Harbor watch

Late this afternoon, I stood at the pivot point of the swing-span bridge that connects New Bedford and Fairhaven, one of the best places to watch the harbor.

Out in the distance, I could see a blue fishing boat coming into the harbor  through the hurricane barrier. She kept to starboard, and a small recreational boat darted past her out into Buzzard’s Bay. The lighthouse on Palmer’s Island was stunningly white in the bright late afternoon sun.

Over at State Pier, the Kent Explorer was docked [her picture on a Dutch shipping blog]. At a little over 400 feet (123 meters) length overall, this is one of the larger ships I’ve seen in the harbor. The bridge was eight or nine stories from the deck, and so the ship towered over the ferry terminal building; even the open hatch covers were taller than the ferry terminal. The two cranes, one fore and one aft, were unloading what looked to be plywood or other sheet goods.

Next to the Kent Explorer, the fishing boats and the ferries looked tiny. New England Fast Ferry has brought in their other fast ferry and it is now docked at the State Pier; the summer schedule starts up again on May 15th, only two weeks away.

On the other side of the bridge, over at the Maritime Terminal, the Silver Fjord (320 feet/ 97.6 meters LOA) was taking on cargo. Two days ago, Carol and I tried to figure out what they were loading. It was something packed in white cardboard boxes, and I thought perhaps it was some kind of frozen seafood. MarineLink.com reported on March 20 of this year that Green Reefers shipping line has purchased Silver Fjord, and will rename it Green Tromso. Since Green Reefers ships call here regularly, there’s a chance we will be seeing Green Tromso, a.k.a. Silver Fjord, sometime again.

Over on the south end of Fish Island, I saw a boat I hadn’t seen before. Barbara Joan, out of Montauk, is sitting on one of the old piers up out of the water, and presumably she’s being stripped; a large dumpster sat on the pier beside her. She looked like she once was a small fishing boat, but once a boat gets over to that end of Fish Island, it pretty much means it’s now scrap.

I began walking back.
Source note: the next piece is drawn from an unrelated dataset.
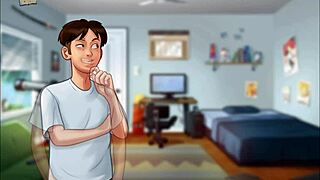 summertime saga 126 featuring suggestive anime hentai scenes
It was a fine day, so there were a fair number of idlers like me: a man fishing off the swing-span bridge, a cocky young man strolling along the other side of Route 6; once I got back down on MacArthur Drive, three young men came out from behind Crystal Ice whooping and hollering; as I climbed up the stairs for the pedestrian overpass over Route 18, I could hear some teenaged girls laughing and giggling on the observation deck above.

Just before I started across the overpass, I glanced out and saw that blue fishing boat I had seen coming through the hurricane barrier was now waiting for the swing-span bridge to open up for it. A cloud of gulls swarmed around it, waiting for scraps of fish to hit the water.